To the editor:
I am amazed at how Rachel Laurn continues to jump to hasty conclusions on the basis of insufficient knowledge.
In her May 27, 2014, letter, she identifies me with Calvinism because of my rejection of her doctrine of free will.
She is evidently oblivious to the historical fact that the early reformers all rejected free will as a false doctrine of the Papacy.
Martin Luther, in fact, wrote a book entitled The Bondage of the Will, in which he refuted Erasmus' defense of free will. Following Rachel Laurn's defective method of reasoning, I could identify her and other modern Protestants with the Roman Catholic Church, since they share the Catholic doctrine of free will, and then begin to rant against them.

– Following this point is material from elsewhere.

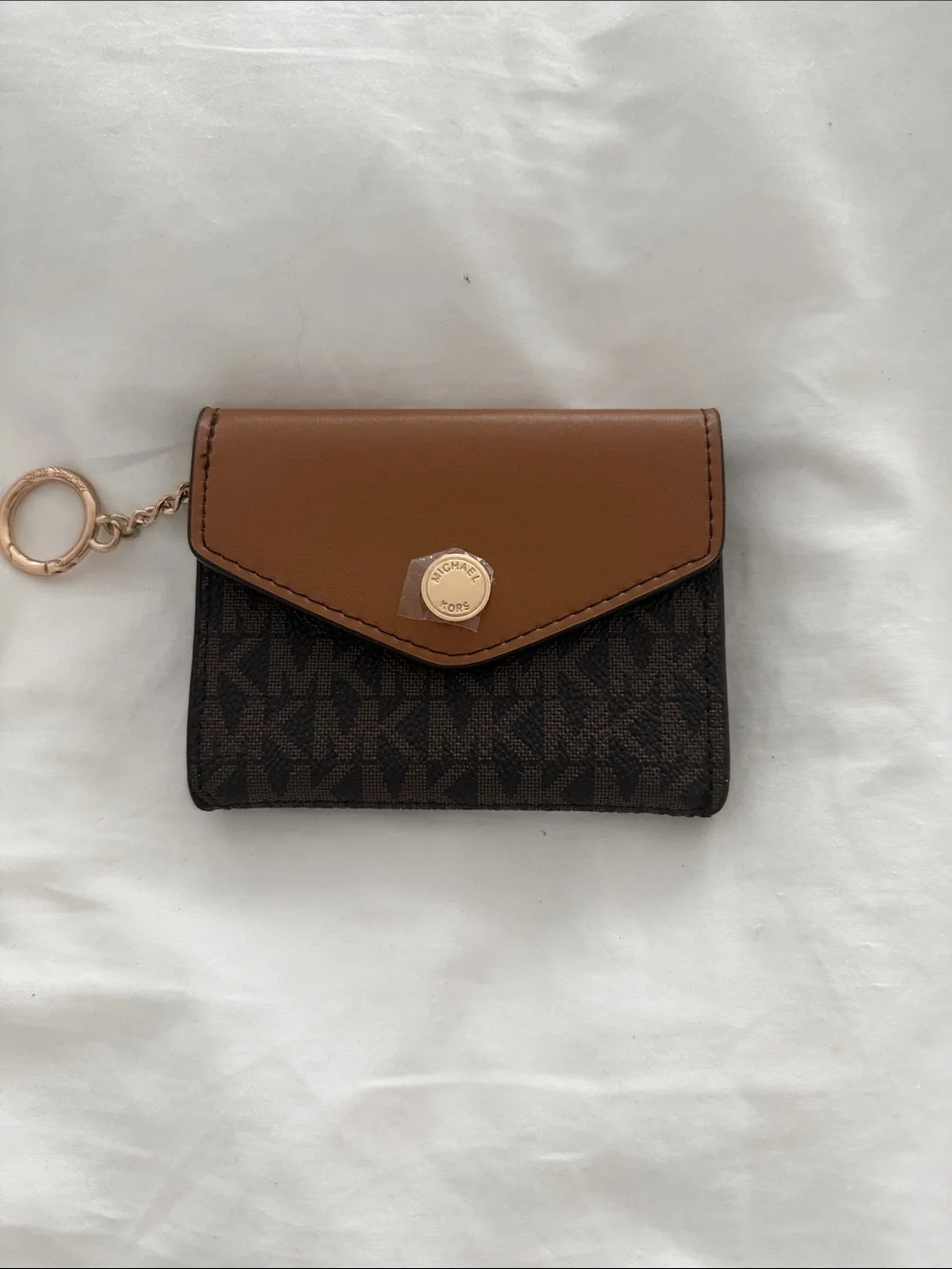 Michael Kors Brown and Tan Signature Card Case with Key Ring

I, in fact, abhor the Calvinist doctrine of "limited atonement."
I cannot find it anywhere in the Bible or in the works of Luther, or, surprisingly, even in Calvin's own grand opus,
The Institutes of the Christian Religion. Nothing is made clearer in the Bible than the fact that Christ died for all (II Corinthians 5:15), that God is now reconciled with the world (II Corinthians 5:19) and that the "free gift" of righteousness has come "upon all men" (Romans 5:17,18).

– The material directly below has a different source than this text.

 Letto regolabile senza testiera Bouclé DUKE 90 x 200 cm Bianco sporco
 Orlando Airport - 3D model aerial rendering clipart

Those who believe this good news of the full and universal atonement of fallen mankind will find themselves among the elect of God on the Last Day, but those who reject the Gospel, which is "the power of God unto salvation" (Romans 1:16), in favor of their own self-chosen method of salvation, will hear these terrible words from Christ's own mouth:"I never knew you; depart from me, ye that work iniquity" (Matthew 7:23).